As part of a strategic partnership with the John D. and Catherine T. MacArthur Foundation, the National League of Cities (NLC) Institute for Youth, Education, and Families will host a Municipal Leadership for Juvenile Justice Reform Leadership Academy
on September 23-25, 2015
. This convening will provide city officials with the skills and knowledge they need to consider and take up leadership roles in juvenile justice reform, giving participants intensive access to national experts, promising practice examples, peer sharing, and local action planning.
WHERE: The Marriott-Renaissance Depot Hotel, Minneapolis, Minn.
WHO: City elected officials, senior city staff and other community or juvenile justice system stakeholders applying in city teams of up to three persons each.
NLC will select teams up to 10 cities to attend the leadership academy. Each city may nominate a team of up to three representatives that must include at least one of the following individuals: the mayor; a city council member; or a senior representative of the mayor’s or city manager’s office. Other team members may include but are not limited to: senior representatives of city agencies including police departments; juvenile court officials including detention or probation officials, prosecutors, public defenders, or judges; and community-based service providers implementing programs for youth at-risk of involvement or youth currently involved in the juvenile justice system.
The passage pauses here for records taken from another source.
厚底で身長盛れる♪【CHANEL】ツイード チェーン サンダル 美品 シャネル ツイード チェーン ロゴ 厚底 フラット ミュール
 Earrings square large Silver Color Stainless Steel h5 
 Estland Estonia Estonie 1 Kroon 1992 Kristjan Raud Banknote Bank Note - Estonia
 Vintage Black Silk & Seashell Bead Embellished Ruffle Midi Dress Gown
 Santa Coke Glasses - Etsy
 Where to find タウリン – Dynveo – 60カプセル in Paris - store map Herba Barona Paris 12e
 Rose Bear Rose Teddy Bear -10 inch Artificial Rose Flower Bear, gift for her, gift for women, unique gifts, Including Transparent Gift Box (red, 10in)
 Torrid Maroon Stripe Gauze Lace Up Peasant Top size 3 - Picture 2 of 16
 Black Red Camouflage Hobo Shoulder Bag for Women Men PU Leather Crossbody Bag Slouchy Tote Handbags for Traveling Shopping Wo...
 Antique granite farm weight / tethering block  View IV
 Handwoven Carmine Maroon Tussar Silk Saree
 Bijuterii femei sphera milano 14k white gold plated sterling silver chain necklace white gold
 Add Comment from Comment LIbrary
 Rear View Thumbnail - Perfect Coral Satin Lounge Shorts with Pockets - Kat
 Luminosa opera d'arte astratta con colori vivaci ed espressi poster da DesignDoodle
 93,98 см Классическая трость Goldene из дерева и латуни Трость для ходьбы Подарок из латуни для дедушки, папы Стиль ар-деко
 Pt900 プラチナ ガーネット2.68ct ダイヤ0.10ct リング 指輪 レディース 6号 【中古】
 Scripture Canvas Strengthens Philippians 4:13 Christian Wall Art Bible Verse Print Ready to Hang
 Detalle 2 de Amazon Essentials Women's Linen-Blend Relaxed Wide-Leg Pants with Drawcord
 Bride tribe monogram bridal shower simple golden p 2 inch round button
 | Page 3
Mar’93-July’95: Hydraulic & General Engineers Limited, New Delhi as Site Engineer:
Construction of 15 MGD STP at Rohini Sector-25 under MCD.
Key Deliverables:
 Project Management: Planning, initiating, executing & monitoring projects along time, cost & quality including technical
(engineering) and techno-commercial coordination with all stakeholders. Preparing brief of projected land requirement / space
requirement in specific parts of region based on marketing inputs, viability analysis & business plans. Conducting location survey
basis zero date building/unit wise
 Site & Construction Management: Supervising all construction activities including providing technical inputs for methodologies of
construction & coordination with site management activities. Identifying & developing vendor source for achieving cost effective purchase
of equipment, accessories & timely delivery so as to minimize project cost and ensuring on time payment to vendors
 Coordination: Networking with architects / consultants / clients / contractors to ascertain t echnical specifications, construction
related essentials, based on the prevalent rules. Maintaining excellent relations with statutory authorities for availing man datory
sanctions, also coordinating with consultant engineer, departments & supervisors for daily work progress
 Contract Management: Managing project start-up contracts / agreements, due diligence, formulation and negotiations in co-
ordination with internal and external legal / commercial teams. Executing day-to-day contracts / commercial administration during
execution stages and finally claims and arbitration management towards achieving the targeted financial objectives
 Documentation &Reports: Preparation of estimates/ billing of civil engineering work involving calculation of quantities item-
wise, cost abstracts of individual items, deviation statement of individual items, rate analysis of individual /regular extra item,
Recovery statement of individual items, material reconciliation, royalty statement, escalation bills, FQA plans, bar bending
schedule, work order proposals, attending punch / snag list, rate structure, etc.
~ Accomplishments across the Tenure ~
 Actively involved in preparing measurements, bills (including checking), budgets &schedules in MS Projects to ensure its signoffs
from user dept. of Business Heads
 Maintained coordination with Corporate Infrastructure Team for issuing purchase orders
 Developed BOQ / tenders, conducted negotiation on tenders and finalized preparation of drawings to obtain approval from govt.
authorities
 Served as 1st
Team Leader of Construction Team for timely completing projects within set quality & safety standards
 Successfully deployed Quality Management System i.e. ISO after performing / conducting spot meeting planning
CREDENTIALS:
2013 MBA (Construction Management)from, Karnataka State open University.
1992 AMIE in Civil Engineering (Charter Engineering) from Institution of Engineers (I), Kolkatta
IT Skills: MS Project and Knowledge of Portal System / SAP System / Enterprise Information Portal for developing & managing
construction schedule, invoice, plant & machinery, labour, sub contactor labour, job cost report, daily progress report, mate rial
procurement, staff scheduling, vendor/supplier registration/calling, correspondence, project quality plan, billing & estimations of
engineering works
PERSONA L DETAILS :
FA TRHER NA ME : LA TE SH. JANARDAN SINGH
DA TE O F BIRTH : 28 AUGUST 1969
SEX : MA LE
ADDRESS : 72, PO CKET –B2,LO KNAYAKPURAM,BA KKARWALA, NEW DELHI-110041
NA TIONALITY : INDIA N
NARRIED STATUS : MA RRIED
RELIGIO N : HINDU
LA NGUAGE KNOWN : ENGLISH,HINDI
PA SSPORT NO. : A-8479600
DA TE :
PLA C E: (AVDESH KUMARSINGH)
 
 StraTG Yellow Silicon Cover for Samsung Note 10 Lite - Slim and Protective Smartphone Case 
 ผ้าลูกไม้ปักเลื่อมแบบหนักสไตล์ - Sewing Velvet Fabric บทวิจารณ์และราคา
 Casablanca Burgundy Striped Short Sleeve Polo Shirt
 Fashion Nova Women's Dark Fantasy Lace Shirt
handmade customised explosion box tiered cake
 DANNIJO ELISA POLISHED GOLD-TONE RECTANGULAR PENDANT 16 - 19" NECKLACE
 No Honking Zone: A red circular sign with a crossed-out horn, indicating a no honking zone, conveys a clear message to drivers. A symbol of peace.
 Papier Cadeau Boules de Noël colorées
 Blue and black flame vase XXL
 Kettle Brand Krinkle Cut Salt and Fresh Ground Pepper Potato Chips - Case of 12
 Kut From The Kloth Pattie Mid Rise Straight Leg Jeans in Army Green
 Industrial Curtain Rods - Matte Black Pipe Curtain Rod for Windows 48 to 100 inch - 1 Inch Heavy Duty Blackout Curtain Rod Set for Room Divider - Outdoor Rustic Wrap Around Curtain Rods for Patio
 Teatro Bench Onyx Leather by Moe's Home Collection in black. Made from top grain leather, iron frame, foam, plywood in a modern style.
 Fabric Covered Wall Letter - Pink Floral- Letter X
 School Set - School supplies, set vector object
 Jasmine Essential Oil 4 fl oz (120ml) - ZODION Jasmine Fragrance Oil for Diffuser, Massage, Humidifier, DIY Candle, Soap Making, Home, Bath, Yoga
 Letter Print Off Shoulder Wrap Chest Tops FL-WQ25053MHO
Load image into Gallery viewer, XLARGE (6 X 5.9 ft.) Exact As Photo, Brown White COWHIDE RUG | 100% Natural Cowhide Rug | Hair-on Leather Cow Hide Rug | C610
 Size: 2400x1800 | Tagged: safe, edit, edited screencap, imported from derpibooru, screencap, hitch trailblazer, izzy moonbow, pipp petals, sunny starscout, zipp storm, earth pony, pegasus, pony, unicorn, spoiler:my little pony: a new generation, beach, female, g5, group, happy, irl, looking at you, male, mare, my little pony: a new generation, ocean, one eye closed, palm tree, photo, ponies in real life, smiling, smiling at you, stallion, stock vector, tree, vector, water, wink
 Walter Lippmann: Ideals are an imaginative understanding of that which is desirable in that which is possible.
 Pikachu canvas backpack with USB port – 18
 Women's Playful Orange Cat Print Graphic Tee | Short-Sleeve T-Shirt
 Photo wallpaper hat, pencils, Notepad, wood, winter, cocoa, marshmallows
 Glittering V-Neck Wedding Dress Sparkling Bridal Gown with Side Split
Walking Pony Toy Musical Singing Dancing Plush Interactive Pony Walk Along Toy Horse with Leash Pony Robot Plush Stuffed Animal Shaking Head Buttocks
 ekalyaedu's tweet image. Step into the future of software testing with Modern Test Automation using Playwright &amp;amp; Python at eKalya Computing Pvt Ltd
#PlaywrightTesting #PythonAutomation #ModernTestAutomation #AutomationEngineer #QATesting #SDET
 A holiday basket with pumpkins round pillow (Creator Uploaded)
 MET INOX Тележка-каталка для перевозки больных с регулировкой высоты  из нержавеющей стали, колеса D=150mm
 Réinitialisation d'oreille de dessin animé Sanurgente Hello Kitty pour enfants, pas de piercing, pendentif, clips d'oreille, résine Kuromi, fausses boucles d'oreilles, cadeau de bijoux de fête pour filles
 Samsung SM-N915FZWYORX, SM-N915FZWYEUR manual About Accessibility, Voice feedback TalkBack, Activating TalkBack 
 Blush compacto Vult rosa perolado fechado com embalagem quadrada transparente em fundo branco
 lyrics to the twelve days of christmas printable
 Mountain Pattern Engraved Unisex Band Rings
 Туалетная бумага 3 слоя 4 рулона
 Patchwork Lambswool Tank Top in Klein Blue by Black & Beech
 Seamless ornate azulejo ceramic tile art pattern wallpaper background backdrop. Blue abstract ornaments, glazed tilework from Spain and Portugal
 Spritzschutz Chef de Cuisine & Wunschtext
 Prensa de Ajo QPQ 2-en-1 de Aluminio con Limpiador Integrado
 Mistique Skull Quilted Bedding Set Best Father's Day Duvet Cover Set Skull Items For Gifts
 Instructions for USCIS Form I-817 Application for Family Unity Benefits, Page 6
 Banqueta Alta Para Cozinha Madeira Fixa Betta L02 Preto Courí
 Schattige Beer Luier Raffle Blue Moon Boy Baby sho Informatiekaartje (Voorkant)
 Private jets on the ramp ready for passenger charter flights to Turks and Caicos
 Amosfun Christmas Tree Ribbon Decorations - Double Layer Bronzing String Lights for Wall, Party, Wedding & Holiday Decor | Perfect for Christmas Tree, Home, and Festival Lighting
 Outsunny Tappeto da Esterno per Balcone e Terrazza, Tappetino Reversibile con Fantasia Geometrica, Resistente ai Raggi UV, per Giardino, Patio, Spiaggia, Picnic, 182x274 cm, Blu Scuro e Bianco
NLC will select, on a competitive basis, a diverse set of cities of various sizes from different regions of the country to participate in the leadership academy. Preference will be given to cities that are members in good standing of NLC. NLC will use selection criteria that include evidence of high-level municipal leadership and commitment to improving outcomes for youth involved in the juvenile justice system, collaboration among relevant city, county and state agencies, and a clear indication of how the leadership academy can catalyze local efforts.
WHEN: The leadership academy will take place on September 23-25, 2015, beginning with an opening dinner and program on Wednesday evening and concluding with lunch on Friday. Interested cities must submit applications via e-mail (see instructions below) on or before July 15, 2015. We encourage early applications. NLC will announce all selections by July 29, 2015.
BENEFITS: Selected city teams will learn about best practices and lessons learned from the Models for Change initiative; explore successful efforts to improve juvenile justice initiatives in cities across the country, especially through diversion and re-entry initiatives and efforts to eliminate racial and ethnic disparities; gain access to and guidance from juvenile justice experts; and strengthen their relationships with peers in cities across the nation.
Following the Leadership Academy, NLC will invite participating cities to join the NLC Juvenile Justice Peer Learning Network, s group that provides ongoing opportunities for city leaders to learn and receive support from nationally-recognized experts in the field and from peers in other cities.
TRAVEL: NLC will reimburse participants for airline travel (up to a maximum of $500) as well as hotel and other travel-related costs in accordance with NLC’s travel reimbursement policies. Meeting participants will receive reimbursements promptly upon submission of travel receipts following the convening.